# Your objective
Copy the records below exactly, from the line containing "2024 Renault Arkana" through the last line, and leave out every picture.

Source data
/---

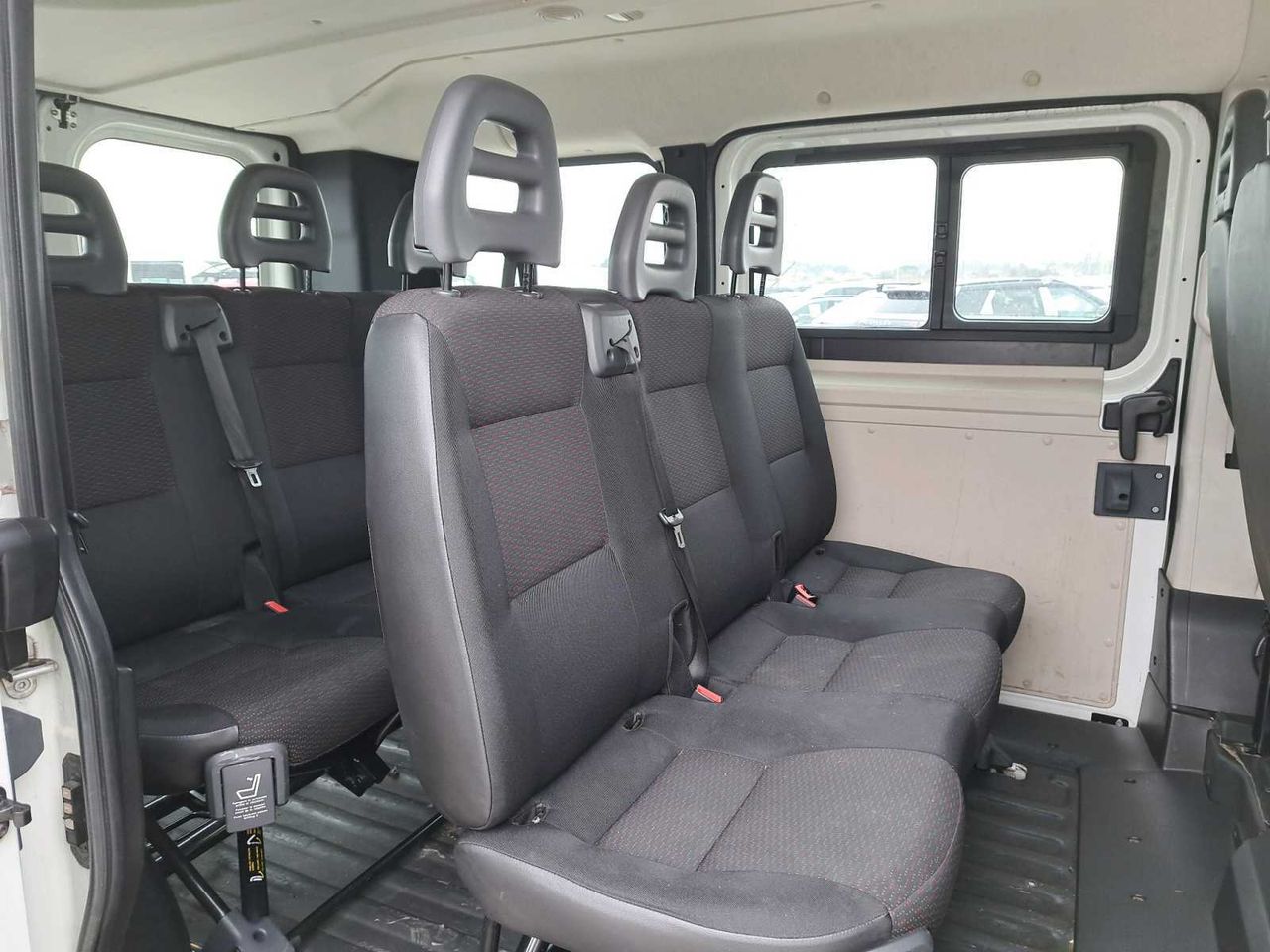 Peugeot Boxer combi 5/9 pl 330 l1h1 bluehdi 88kw (120) - Foto 6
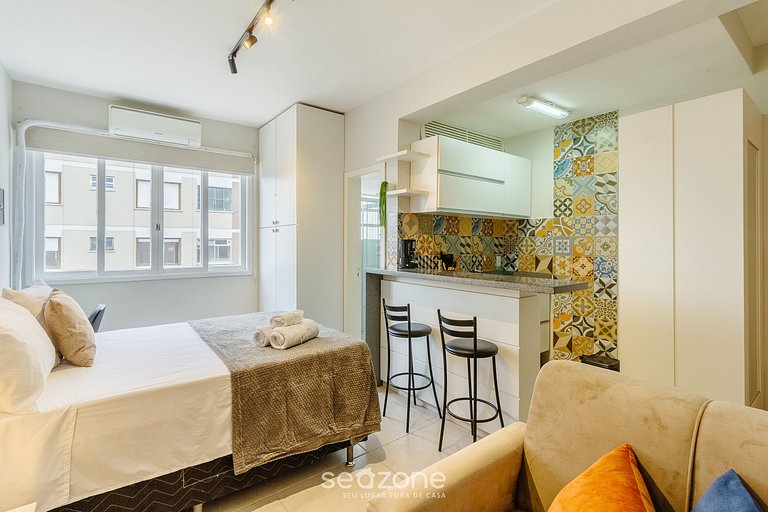 Studio completo a 800m do P. da Redenção HPN0618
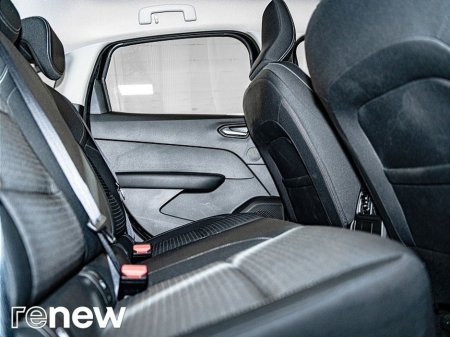 2024 Renault Arkana TCe 140 Auto Evolution €26,900 thumbnail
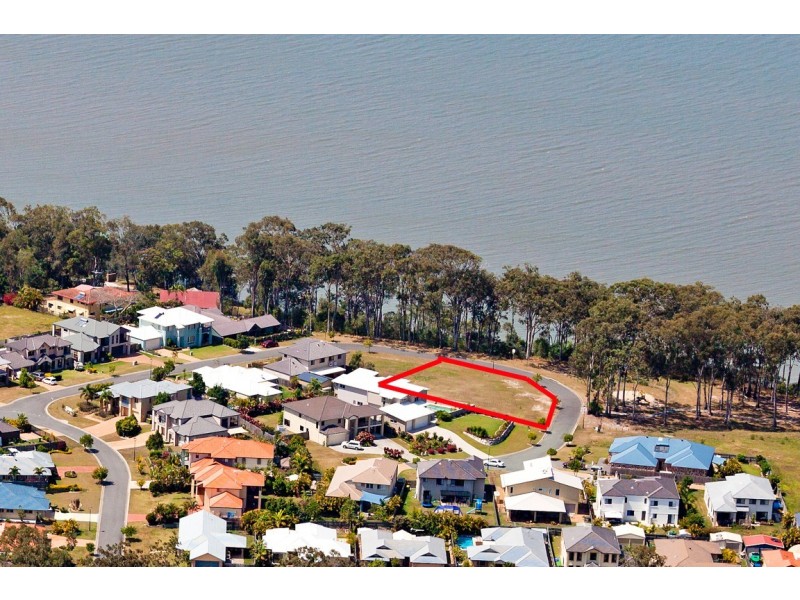 11 Sandy Cove Place, Redland Bay QLD 4165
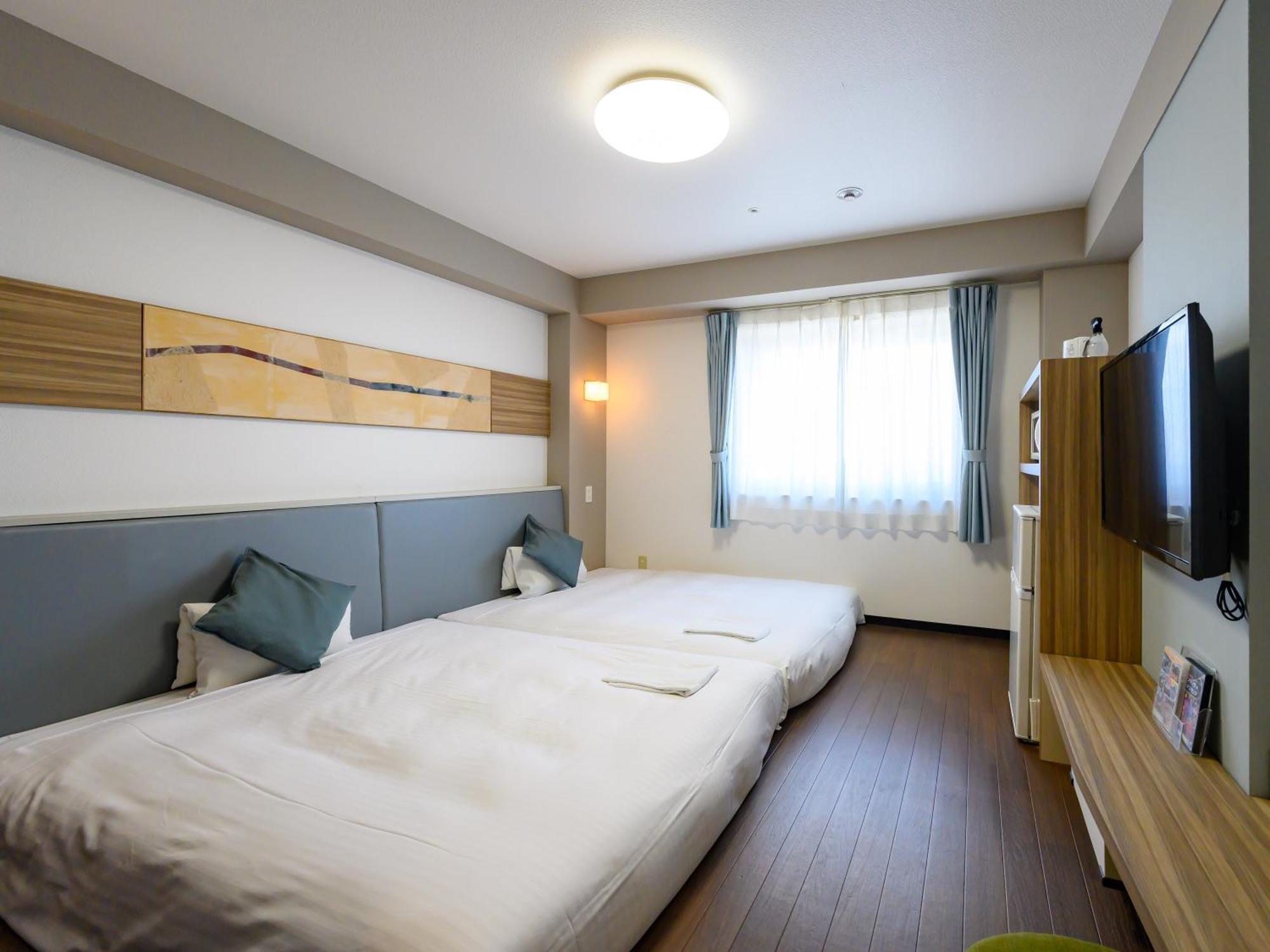 Hotel Green Park Цу Екстериор снимка
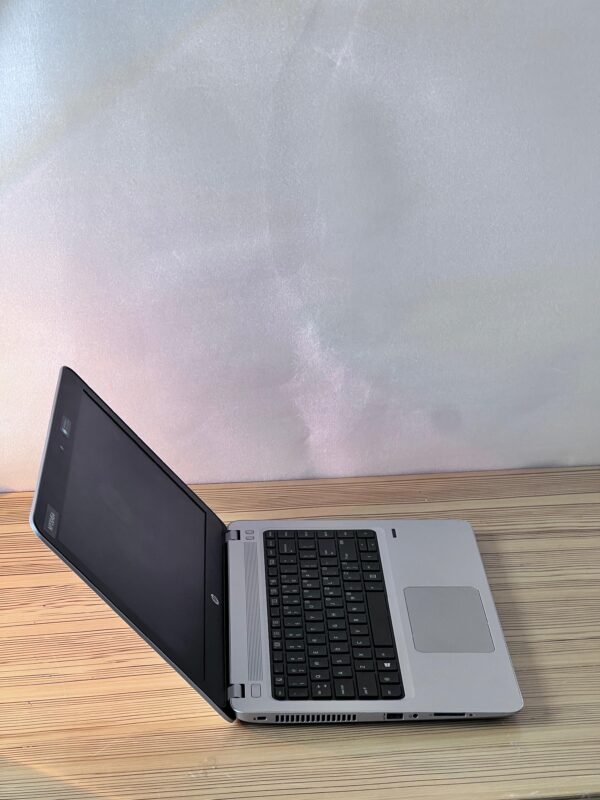 HP 430 G4 – Core i5 7th Gen, 4GB RAM, 500GB SSD - Image 4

\---

# Solution to this exercise
 2024 Renault Arkana TCe 140 Auto Evolution €26,900 thumbnail
 11 Sandy Cove Place, Redland Bay QLD 4165
 Hotel Green Park Цу Екстериор снимка
 HP 430 G4 – Core i5 7th Gen, 4GB RAM, 500GB SSD - Image 4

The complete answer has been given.